Além dos Parques Urbanos, que já se encontram em fase de PMI, a SMDP tornou pública, por meio de notícia em seu sítio eletrônico, a intenção de incluir no programa de desestatização mais de cinquenta  serviços e ativos municipais que poderão ser objeto de concessão, privatização ou parcerias público-privadas. Conforme a notícia, tais serviços e ativos encontram-se em avaliação interna pela SMDP.

Dentre eles, 11, além dos mencionados Parques Urbanos, são tidos como prioritários, a saber: (i) bilhetagem de transportes; (ii) terminais de ônibus; (iii) cemitérios, crematórios e serviços funerários; (iv) mercados municipais; (v) Estádio Municipal Paulo Machado de Carvalho – Pacaembu; (vi) imóveis; (vii) Complexo Anhembi (SPTuris); (viii) Autódromo de Interlagos; (ix) Moradia Social; (x) equipamentos e serviços de educação infantil; e (xi) e iluminação pública.

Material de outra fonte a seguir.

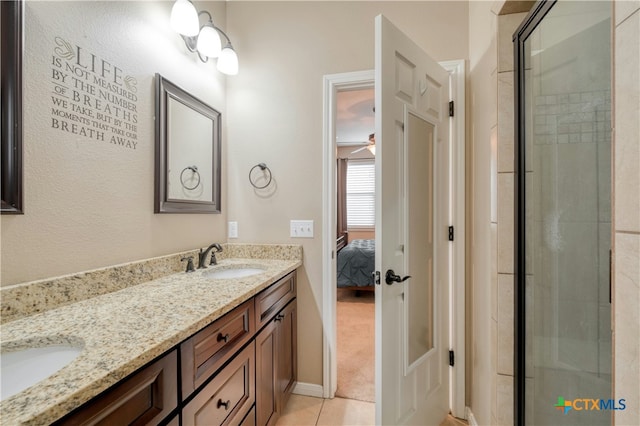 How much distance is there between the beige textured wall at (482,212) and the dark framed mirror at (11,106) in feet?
5.96

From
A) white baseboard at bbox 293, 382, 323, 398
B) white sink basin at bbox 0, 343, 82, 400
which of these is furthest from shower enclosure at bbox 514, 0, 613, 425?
white sink basin at bbox 0, 343, 82, 400

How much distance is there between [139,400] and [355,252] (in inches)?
130

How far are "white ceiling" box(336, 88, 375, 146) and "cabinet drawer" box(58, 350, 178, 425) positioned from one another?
8.31 feet

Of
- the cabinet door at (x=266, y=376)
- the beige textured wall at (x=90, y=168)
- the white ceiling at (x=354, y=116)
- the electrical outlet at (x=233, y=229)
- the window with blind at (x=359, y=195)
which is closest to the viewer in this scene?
the beige textured wall at (x=90, y=168)

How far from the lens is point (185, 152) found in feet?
5.40

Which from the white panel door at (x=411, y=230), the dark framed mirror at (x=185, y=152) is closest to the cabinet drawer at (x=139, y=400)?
the white panel door at (x=411, y=230)

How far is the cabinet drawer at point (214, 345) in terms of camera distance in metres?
0.83

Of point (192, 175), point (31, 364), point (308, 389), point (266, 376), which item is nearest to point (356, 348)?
point (308, 389)

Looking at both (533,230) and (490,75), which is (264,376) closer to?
(533,230)

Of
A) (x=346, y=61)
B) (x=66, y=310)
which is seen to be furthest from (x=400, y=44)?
(x=66, y=310)

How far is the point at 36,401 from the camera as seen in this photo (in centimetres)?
49

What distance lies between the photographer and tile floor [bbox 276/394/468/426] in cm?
163

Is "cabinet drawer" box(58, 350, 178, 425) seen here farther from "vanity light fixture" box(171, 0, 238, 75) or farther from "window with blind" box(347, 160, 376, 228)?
"window with blind" box(347, 160, 376, 228)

Como se observa, nem todos os serviços e ativos municipais considerados prioritários para fins de desestatização são novidade. Em gestões anteriores, alguns deles já haviam sido conjecturados, projetados e, até mesmo, estruturados. Assim, por exemplo, os serviços de iluminação pública já foram objeto de licitação, e a formalização do respectivo contrato de concessão administrativa está sobrestada em razão de medidas no âmbito do Tribunal de Contas do Município de São Paulo e do Tribunal de Justiça de São Paulo.

Já com relação aos equipamentos do Complexo Anhembi, em agosto do ano passado foi aberta fase de consulta pública do projeto denominado “Novo Anhembi”, que tem por objeto a concessão para revitalização e gestão do Parque Anhembi, sem nenhum novo andamento até o momento. Ao seu turno, foi determinada, em setembro, a suspensão sine die da concorrência internacional para concessão da Arena Multiuso do Complexo Anhembi.

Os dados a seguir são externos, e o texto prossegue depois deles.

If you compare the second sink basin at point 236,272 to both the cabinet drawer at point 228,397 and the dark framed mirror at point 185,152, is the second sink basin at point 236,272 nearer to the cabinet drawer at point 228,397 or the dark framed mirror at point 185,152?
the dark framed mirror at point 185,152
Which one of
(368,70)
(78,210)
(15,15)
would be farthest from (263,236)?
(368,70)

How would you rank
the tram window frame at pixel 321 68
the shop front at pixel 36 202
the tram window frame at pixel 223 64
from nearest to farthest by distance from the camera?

A par dos anúncios desses projetos, os quais se encontram apenas no website da SMDP, a decisão de quais desses serviços e ativos efetivamente integrarão a carteira de projetos do Município será confirmada por ocasião da aprovação (i) do Plano Municipal de Desestatização, cuja edição ainda está pendente, bem como, especialmente, (ii) dos modelos de participação privada que serão concretamente adotados para cada um dos serviços e/ou ativos a serem desestatizados. A opção por alguns desses modelos merecerá toda atenção, uma vez que sua viabilidade estará condicionada, dependendo do caso, de autorizações legislativas específicas e, ainda, de uma articulação abrangente com partes interessas independentes, a exemplo do Ministério Público, do Tribunal de Contas e de órgãos de licenciamento ambiental e urbano que contam, em alguns casos, com assentos de representantes da sociedade civil com participação não meramente consultiva.

Esses marcos esperados são os mais relevantes, do ponto de vista institucional e jurídico, para aferir a medida com a qual o programa de desestatização municipal estará apto a lograr os seus objetivos saudáveis de desonerar o governo municipal e de retirar da esfera de atuação estatal aquilo que não lhe é função essencialmente indelegável.